Provided information:
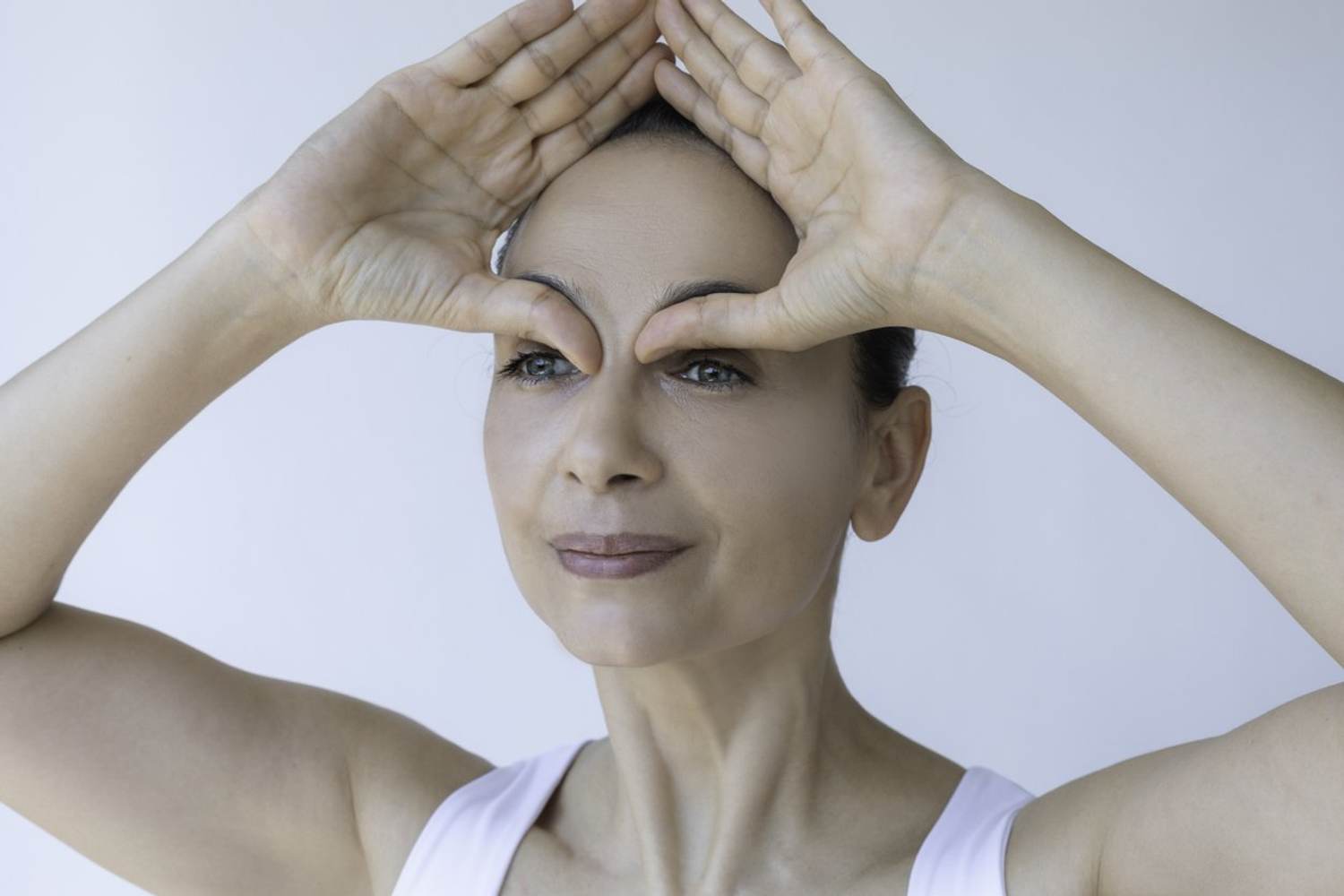 Face Yoga 101
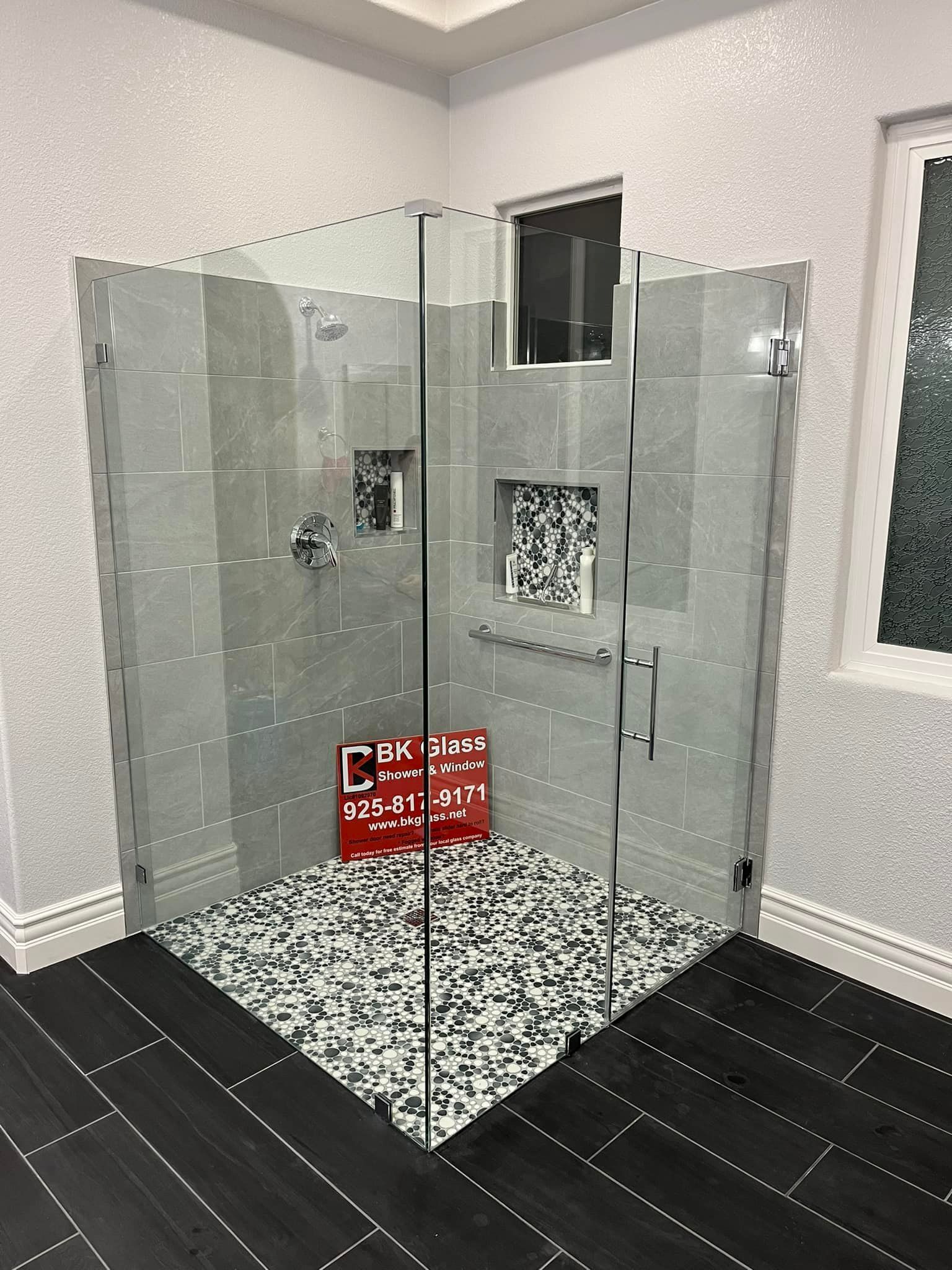BK Glass Shower & Window, Discovery Bay CA, Orwood CA, Byron CA, Oakley CA, Brentwood CA, Arbor CA, Antioch CA, Pittsburg CA, Clayton CA, Concord CA, Pleasant Hill CA, Walnut Creek CA, Alamo CA, Danville CA, San Ramon CA, Stockton CA, Tracy CA, Mountain House CA, Ulmar CA, Livermore CA, Shower Door Company, Commercial Shower Door Company, Residential Shower Door Company, Shower Door Installers Near Me, Discovery Bay Shower Door Company, Orwood Shower Door Company, Byron Shower Door Company, Oakley Shower Door Company, Brentwood Shower Door Company, Arbor Shower Door Company, Antioch Shower Door Company, Pittsburg Shower Door Company, Clayton Shower Door Company, Concord Shower Door Company, Pleasant Hill Shower Door Company, Walnut Creek Shower Door Company, Alamo Shower Door Company, Danville Shower Door Company, San Ramon Shower Door Company, Stockton Shower Door Company, Tracy Shower Door Company, Mountain House Shower Door Company, Ulmar Shower Door Company, Livermore Shower Door Company, Shower Door Replacement, Shower Door Installation, Shower Door Repairs, Bypass Sliders, Bypass Slider Replacement, Bypass Slider Installation, Bypass Slider Repairs, Sliding Door Company Near Me, Commercial Sliding Door Company, Residential Sliding Door Company, Sliding Door Installers, Discovery Bay Sliding Door Company, Orwood Sliding Door Company, Byron Sliding Door Company, Oakley , liding Door Company, Brentwood Sliding Door Company, Arbor Sliding Door Company, Antioch Sliding Door Company, Pittsburg Sliding Door Company, Clayton Sliding Door Company, Concord Sliding Door Company, Pleasant Hill Sliding Door Company, Walnut Creek Sliding Door Company, Alamo Sliding Door Company,Danville Sliding Door Company, San Ramon Sliding Door Company, Stockton Sliding Door Company, Tracy Sliding Door Company, Mountain House Sliding Door Company, Ulmar Sliding Door Company, Livermore Sliding Door Company, Sliding Door Replacement, Sliding Door Installation, Sliding Door Repairs, Window Company Near Me, Window Installers, Discovery Bay Window Company, Orwood Window Company, Byron Window Company, Oakley Window Company, Brentwood Window Company, Arbor Window Company, Antioch Window Company, Pittsburg Window Company, Clayton Window Company, Concord Window Company, Pleasant Hill Window Company, Walnut Creek Window Company, Alamo Window Company, Danville Window Company, San Ramon Window Company, Stockton Window Company, Tracy Window Company, Mountain House Window Company, Ulmar Window Company, Livermore Window Company, Commercial Window Company, Residential Window Company, Window Replacement, Window Installation, Window Repairs, Mirror Company Near Me, Mirror Replacement, Mirror Installation, Storefront Glass Services Me, Storefront Glass Installers, Storefront Glass Replacement, Storefront Installation, Storefront Repair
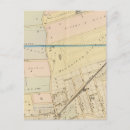 Recherche de rochelle cartes postales Main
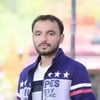 Irfan A.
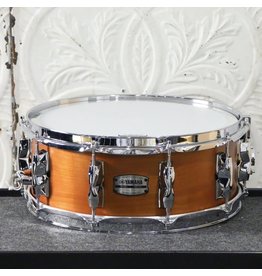 Yamaha Caisse claire Yamaha Recording Custom Birch 14X5.5po - Real Wood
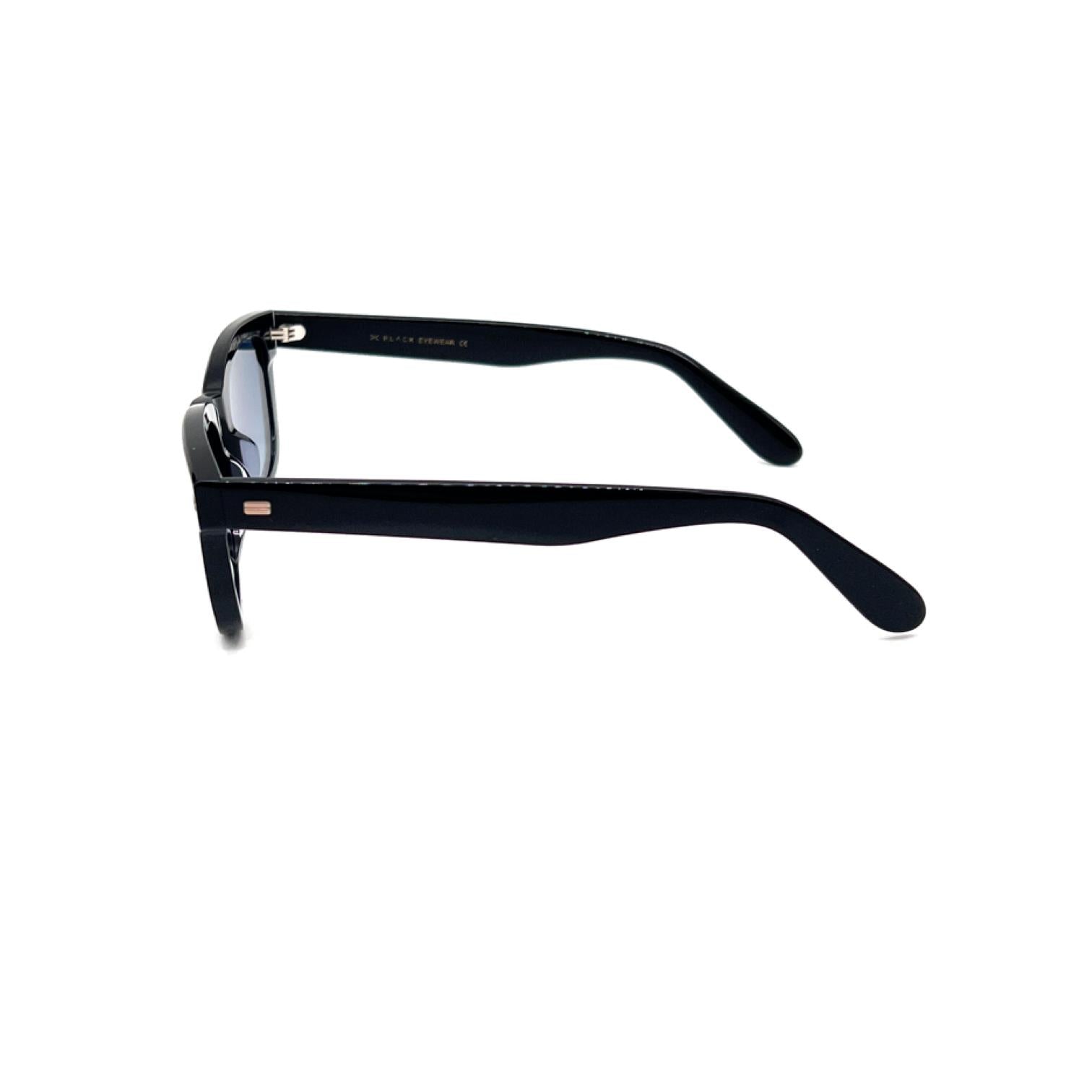 BLACK BLK8428 C1 Erkek Güneş Gözlüğü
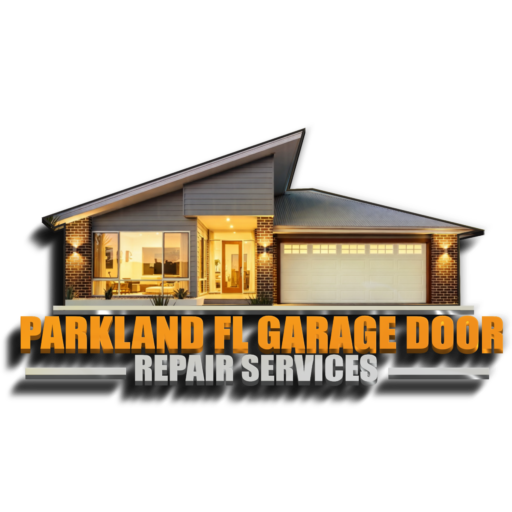the team at Parkland FL Garage Door Repair Services, providing top-quality garage door repair and maintenance services to the Parkland community.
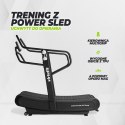 VIRTUFIT BIEŻNIA MECHANICZNA PRO ELITE HIIIT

Instructions for the task:
Emit the lines of the data above from the one containing "the team at" through its final line, both endpoints included. Pictures do not belong in the output.

Answer for the task:
the team at Parkland FL Garage Door Repair Services, providing top-quality garage door repair and maintenance services to the Parkland community.
 VIRTUFIT BIEŻNIA MECHANICZNA PRO ELITE HIIIT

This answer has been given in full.